**MATERIAL PROVIDED**
=====

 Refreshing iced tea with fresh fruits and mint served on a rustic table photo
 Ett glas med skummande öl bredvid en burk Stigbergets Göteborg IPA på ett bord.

=====

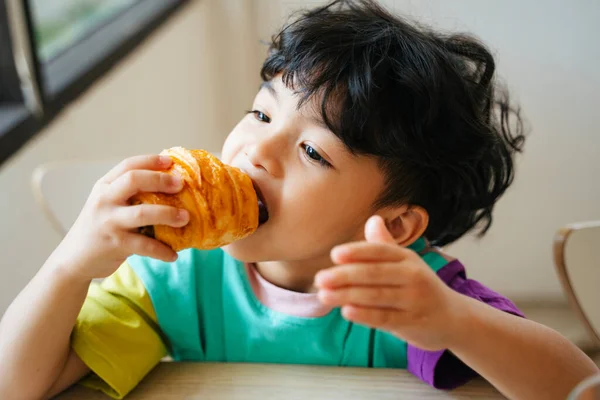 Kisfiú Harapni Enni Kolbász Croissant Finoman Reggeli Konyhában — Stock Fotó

=====

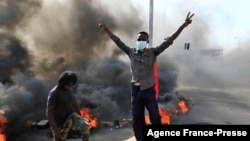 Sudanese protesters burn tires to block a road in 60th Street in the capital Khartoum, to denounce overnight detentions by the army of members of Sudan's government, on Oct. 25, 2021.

=====

**EXERCISE OBJECTIVE**
Can you repeat, word for word, every line above from the one containing "Refreshing iced tea" down to the one containing "Ett glas med", including both?

**RESPONSE**
 Refreshing iced tea with fresh fruits and mint served on a rustic table photo
 Ett glas med skummande öl bredvid en burk Stigbergets Göteborg IPA på ett bord.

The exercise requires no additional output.